Driving the Republican stalemate over the election of a new House speaker is a belief among supporters of Rep. Kevin McCarthy (R-CA) that his insurgent opponents are not honest negotiators.
Much attention has been devoted to the 20 or so House Republicans who have sunk McCarthy’s bid for speaker in six floor votes over two days. Speculation over what it would take to win enough of them over to deliver McCarthy the gavel has been rampant for weeks leading up to the half-dozen roll call votes that unfolded Tuesday and Wednesday.
But even as McCarthy supporters continue to pursue talks with this faction to resolve the impasse, they are complaining publicly that the group is negotiating in bad faith. The insurgents claim the conservative pragmatists supporting McCarthy are making unfair and unrealistic requests in exchange for their votes or refusing to support the California Republican even after having their demands met.

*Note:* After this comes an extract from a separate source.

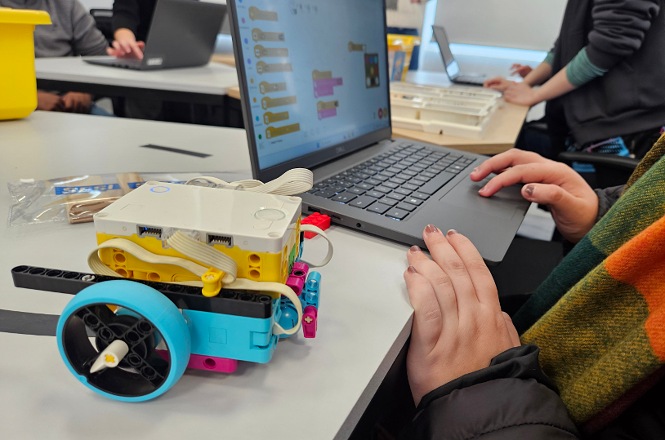 Foto horizontal: estudante utiliza notebook ao lado de robô educacional em montagem, atividade de programação em destaque, clima de inovação, aprendizado e tecnologia.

In a Twitter post, Rep. Nancy Mace (R-SC), a staunch McCarthy supporter, called one of the ringleaders of the anti-McCarthy faction, Rep. Matt Gaetz (R-FL), “a fraud.” Rep. Dan Crenshaw (R-TX), another McCarthy backer, had more of the same to say about the California Republican’s opponents in an interview on Fox News.
“They say their goal is some noble cause for the cause of conservatism, for the people, for holding the swamp accountable,” Crenshaw said. “These are the phrases that they’ll use to make themselves seem like they’re some white knights out there to save you. Of course, none of this is true. None of this is true whatsoever.”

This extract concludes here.